Telkom has posted strong financial results for the fiscal year 2024, attributed to the success of its next-generation services and strategic cost-cutting measures. The company reported a 5.2% increase in normalized earnings before interest, taxes, depreciation, and amortization (EBITDA), reaching R10 billion. This growth is a testament to Telkom’s enhanced operational performance and effective cost management strategies.
Adjusted headline earnings per share and adjusted basic earnings per share saw impressive increases of 201.3% and 442.8%, rising to 376 cents and 385.5 cents, respectively. However, this financial success was somewhat overshadowed by a loss of around 184,000 fixed-line subscribers over the year.
The fixed-access lines, which include copper voice and broadband packages, experienced a significant drop of 23.2%, from 793,000 in March 2023 to 609,000 in March 2024. This decline, representing nearly a quarter of Telkom’s fixed-access customer base, underscores the challenges posed by the evolving telecommunications landscape. Once dominant in the fixed copper voice and broadband market, Telkom now faces stiff competition from internet-based mobile voice services and fibre network operators (FNOs).
Telkom’s fibre services demonstrated robust growth
Despite the decline in fixed-line subscribers, Telkom’s fibre services demonstrated robust growth, providing some relief. Openserve, Telkom’s wholesale division, reported a 7.4% increase in revenue from next-generation, data-led products and services, which now constitute 76.4% of its total revenue. As the leading wholesale infrastructure connectivity provider in South Africa, Openserve saw a 16.1% growth in next-generation broadband connectivity (fibre to the home). Additionally, the enterprise and carrier segments grew by 4.8% and 2.5%, respectively.
Telkom Consumer showed solid performance as well, with external revenue rising by 2.2% to R26.1 billion. Revenue from mobile operations increased by 4.5% to R22.6 billion, driven by a 6.8% rise in mobile service revenue.

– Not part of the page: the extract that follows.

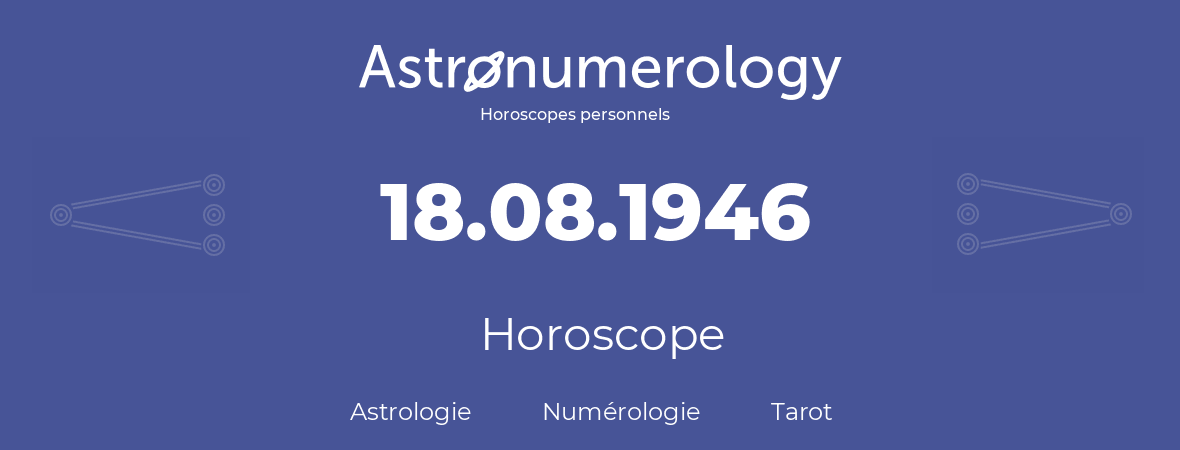 Horoscope pour anniversaire (jour de naissance): 18.08.1946 (18 Août 1946)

Despite a competitive market, Telkom Consumer expanded its mobile subscriber base by 11.9% to 20.4 million. Mobile broadband subscribers also saw a 9.5% increase, reaching 12.7 million, which now makes up 62.3% of the total mobile base.
BCX, Telkom’s IT services division, managed to keep gross revenue stable at R14.2 billion despite facing intense market competition. However, reported revenue slightly declined by 2.3% to R12.9 billion due to an accounting revision for agent versus principal contracts. On a positive note, gross IT revenue grew by 11.4% to R8.5 billion, driven by new product deals, software contract renewals, clearing backlogs in integration services from the previous year, and record cross-border sales.

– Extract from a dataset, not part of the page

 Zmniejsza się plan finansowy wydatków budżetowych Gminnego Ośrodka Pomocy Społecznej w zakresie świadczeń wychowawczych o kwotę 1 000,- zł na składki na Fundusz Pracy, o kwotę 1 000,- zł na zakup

Gyro, Telkom’s property management division, focused on optimizing the Group’s property portfolio for core operational purposes and enhancing energy efficiency. The sale of properties no longer needed generated R92 million.

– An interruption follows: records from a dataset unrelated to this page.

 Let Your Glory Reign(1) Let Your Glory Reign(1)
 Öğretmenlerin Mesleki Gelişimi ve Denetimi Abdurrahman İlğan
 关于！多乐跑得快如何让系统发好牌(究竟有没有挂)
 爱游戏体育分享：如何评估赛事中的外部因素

Group CEO, Taukobong, emphasized that the Group has established a solid foundation for growth as a focused InfraCo, leveraging its mobile and fixed networks along with its ICT capabilities. The strategy moving forward includes efficient investments in mobile and fibre network businesses, while expanding ICT capabilities centered around data centers.
Telkom’s strategic initiatives and financial resilience highlight its commitment to navigating the dynamic telecommunications landscape and securing a strong position for future growth.